PROBLEM TO SOLVE:
The text of every record, exactly as given and with no pictures, should be your output.

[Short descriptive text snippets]
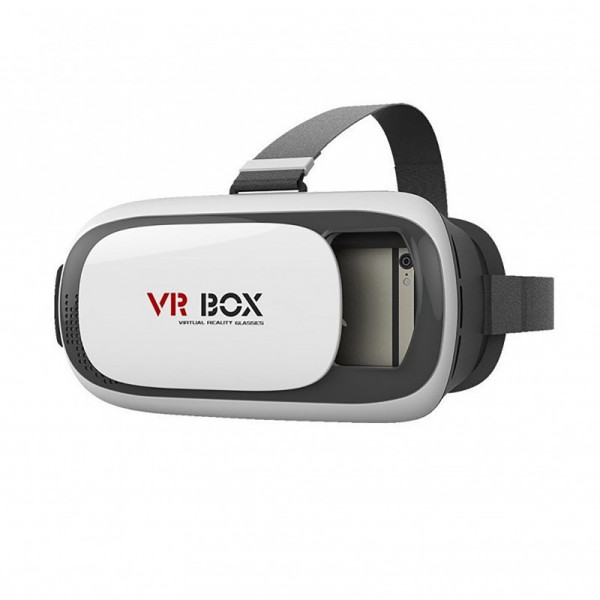 Очки виртуальной реальности VR BOX 3D с фокусировкой линз ∙ Bluetooth подключение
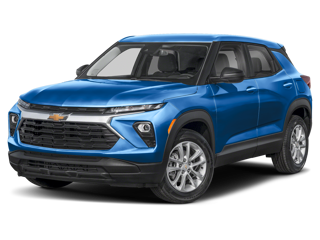 Chevrolet Trailblazer - Navarre Chevrolet in Lake Charles LA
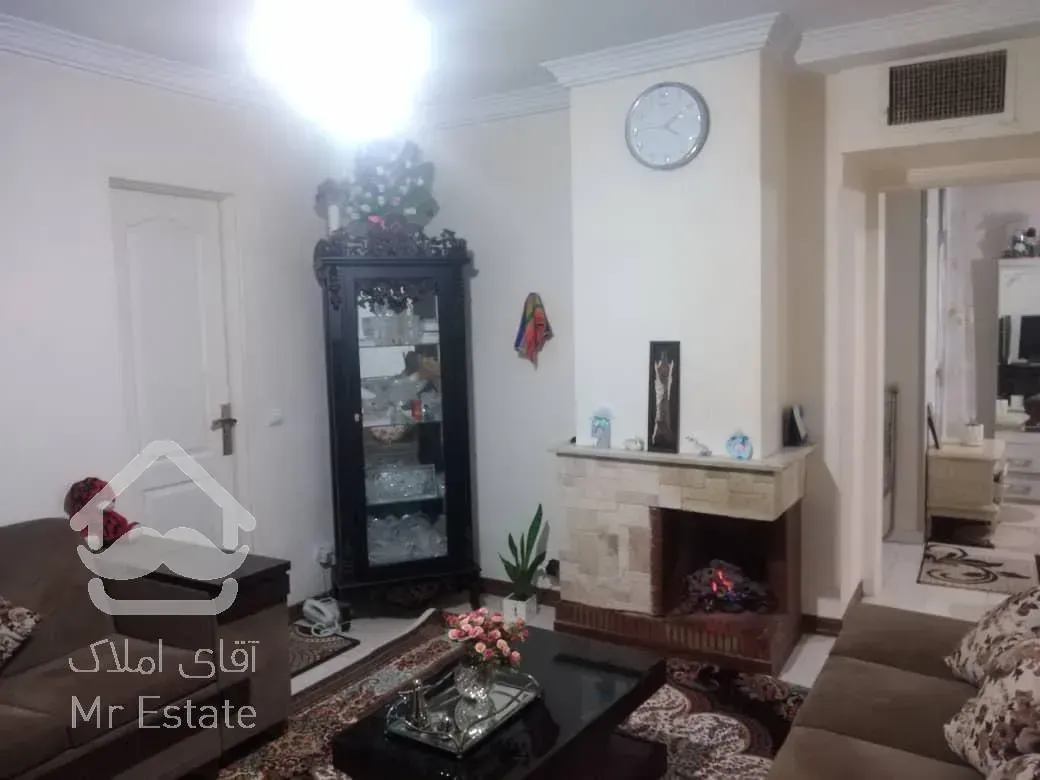 آپارتمان ۵۲ متری ۲ خواب،نورگیر عالی،سال۸۵،قابل رهن،وامدار،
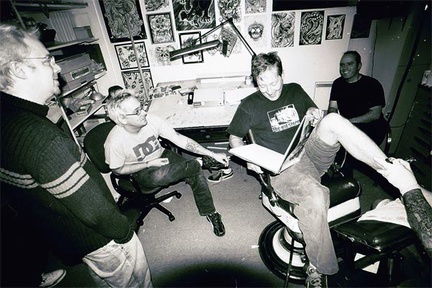 Portrait or other artwork representing [{32ada70d-100b-470d-aed0-37d617430da9 Release more-songs-about-anger-fear-sex-and-death.jpeg} {ec975eb9-e962-4a15-a212-096d38aa4475 Artist dag-nasty-2.jpeg} {ec975eb9-e962-4a15-a212-096d38aa4475 Artist dag-nasty-3.jpeg} {ec975eb9-e962-4a15-a212-096d38aa4475 Artist dag-nasty-4.jpeg} {ec975eb9-e962-4a15-a212-096d38aa4475 Artist dag-nasty-5.jpeg} {ec975eb9-e962-4a15-a212-096d38aa4475 Artist dag-nasty.jpeg}]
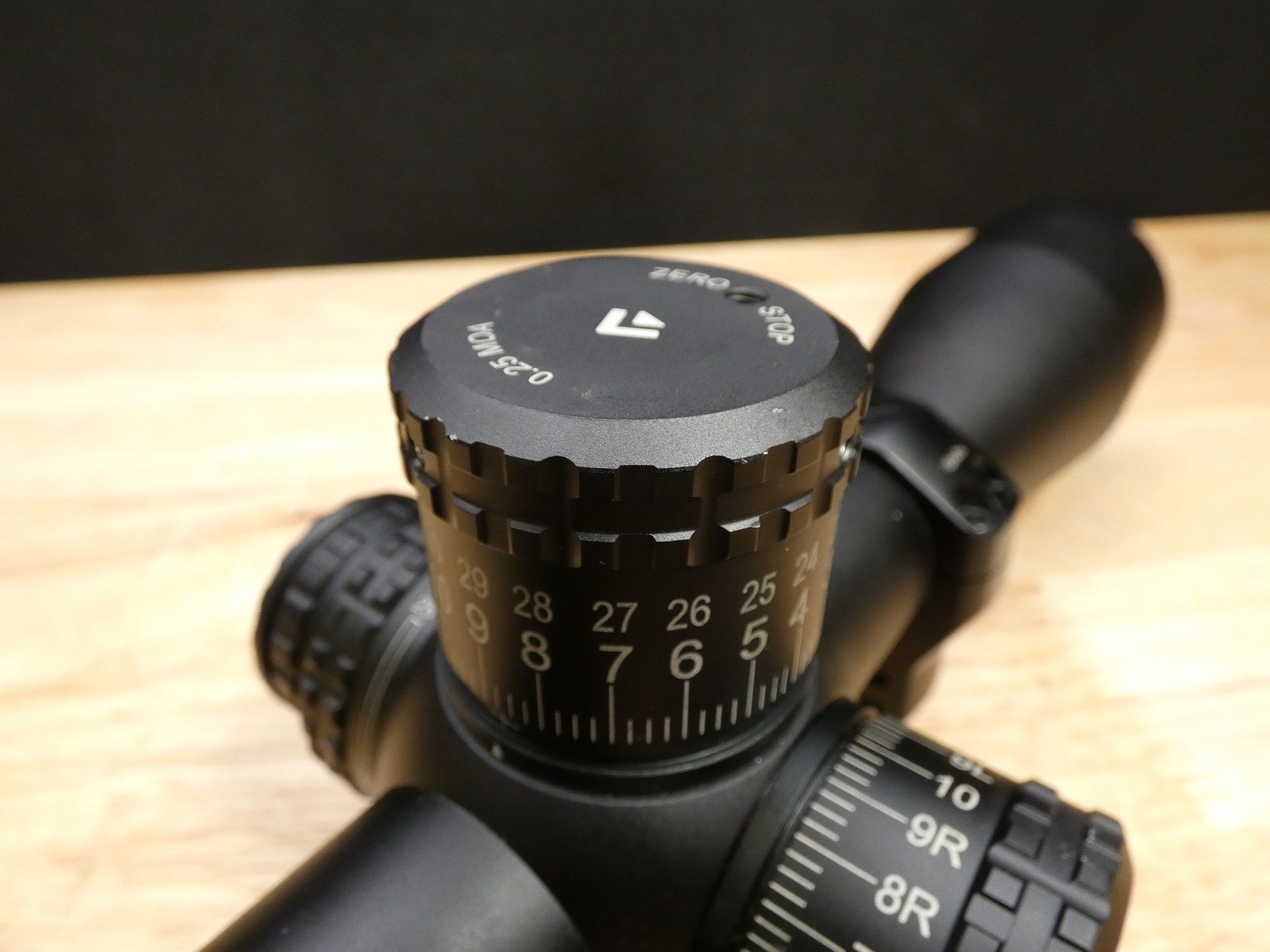 Arken Optics SH-4 Gen II 6-24x50 Riflescope - FFP - Side Parallax ...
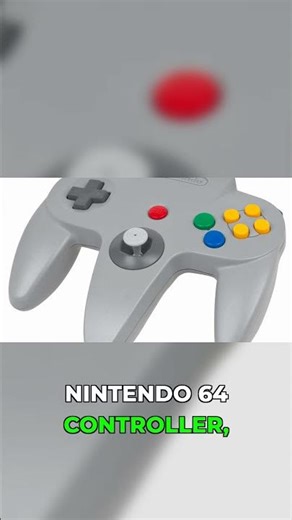 Analog Stick: The Invention That Saved 3D Gaming!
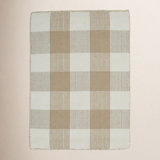 Simple Plaid Rug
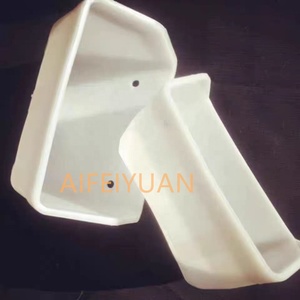 ถังลิฟต์พลาสติกเกรดอาหาร PP ถังสายพานลําเลียง - Product Image 6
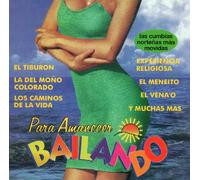Various Artists - Para Amanecer Bailando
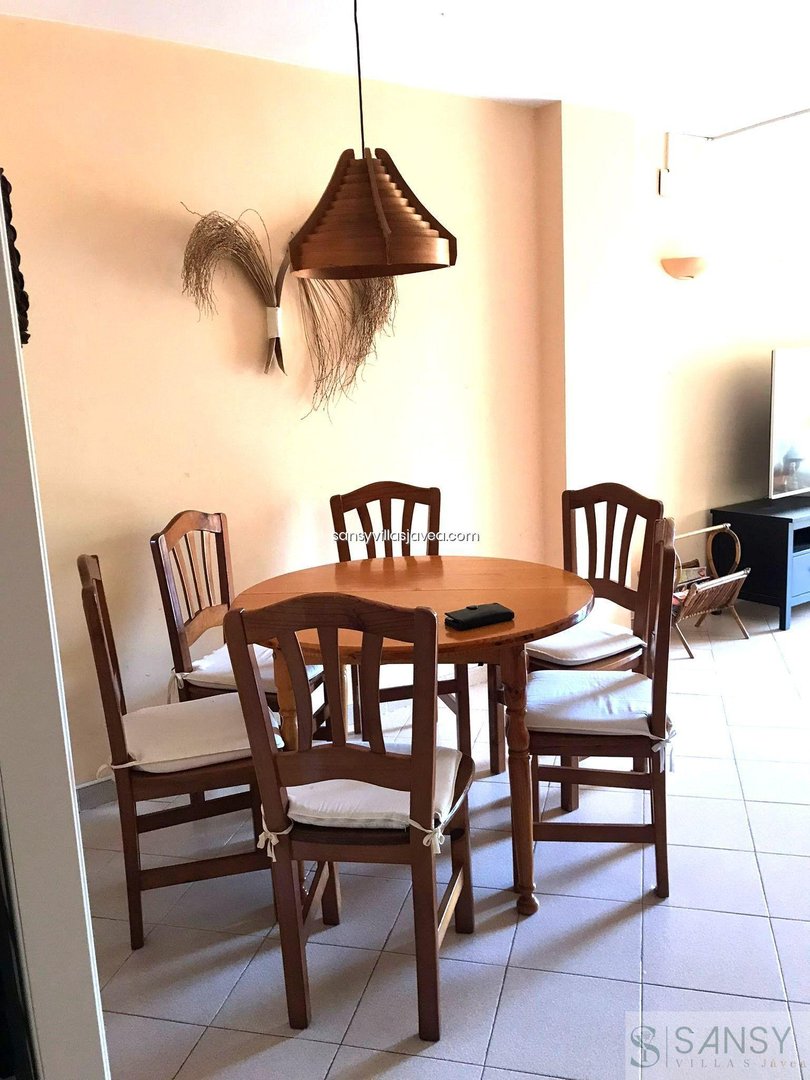 Pis de 115 m² a Xàbia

PROBLEM SOLUTION:
 Очки виртуальной реальности VR BOX 3D с фокусировкой линз ∙ Bluetooth подключение
 Chevrolet Trailblazer - Navarre Chevrolet in Lake Charles LA
 آپارتمان ۵۲ متری ۲ خواب،نورگیر عالی،سال۸۵،قابل رهن،وامدار،
 Portrait or other artwork representing [{32ada70d-100b-470d-aed0-37d617430da9 Release more-songs-about-anger-fear-sex-and-death.jpeg} {ec975eb9-e962-4a15-a212-096d38aa4475 Artist dag-nasty-2.jpeg} {ec975eb9-e962-4a15-a212-096d38aa4475 Artist dag-nasty-3.jpeg} {ec975eb9-e962-4a15-a212-096d38aa4475 Artist dag-nasty-4.jpeg} {ec975eb9-e962-4a15-a212-096d38aa4475 Artist dag-nasty-5.jpeg} {ec975eb9-e962-4a15-a212-096d38aa4475 Artist dag-nasty.jpeg}]
 Arken Optics SH-4 Gen II 6-24x50 Riflescope - FFP - Side Parallax ...
 Analog Stick: The Invention That Saved 3D Gaming!
 Simple Plaid Rug
 ถังลิฟต์พลาสติกเกรดอาหาร PP ถังสายพานลําเลียง - Product Image 6
Various Artists - Para Amanecer Bailando
 Pis de 115 m² a Xàbia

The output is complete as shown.